4. What was your first milestone? 

A major milestone was working with Tiger Shroff on Casanova acoustic which was an incredible experience. I had worked with Avitesh Shrivastav on our song Yaadein in the past, and we work on a lot of music together. He was also the music director and composer for Casanova and reached out to me to work on a demo, as they wanted to create a male/female acoustic version of the song—and the rest is history! 

5. Do you have any advice for someone who wants to enter the industry?

Consistency is key—stay true to who you are and keep your goals clear. I think one of the biggest things I’ve learned is that if you really want to pursue music you need to believe in yourself. Self-belief is everything. 

6. Are there any courses you recommend?

I would recommend the Berklee School of Music ‘Vocal Summit and Stage Performance’ summer workshops. Other than that, I would definitely say that if you’re serious about pursuing this as a career, consider getting a vocal coach.

7. What are some ways to connect and network with people to generate work opportunities?

Ever since I started pursuing music full-time in Mumbai, Instagram has been a brilliant platform to network and meet different artists. Instagram feeds are somewhat like a portfolio of work which makes it easier to connect with people. It’s always lovely to meet different artists and collaborate. I’ve met a lot of my music friends and colleagues through Instagram. 

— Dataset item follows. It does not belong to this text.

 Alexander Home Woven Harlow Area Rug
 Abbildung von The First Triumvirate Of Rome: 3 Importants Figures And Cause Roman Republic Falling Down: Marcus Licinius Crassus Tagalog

8. What is your take on the gender pay gap between male and female artists? 

I am a firm believer in equality and believe both men and women should be paid and treated equally. 

9. What is your advice to someone who feels they’re being under-compensated for their work?

I would say patience is part of the process, especially if you think you could grow as an artist by taking on certain projects. However, it is equally important to know your worth and know when to have the conversation.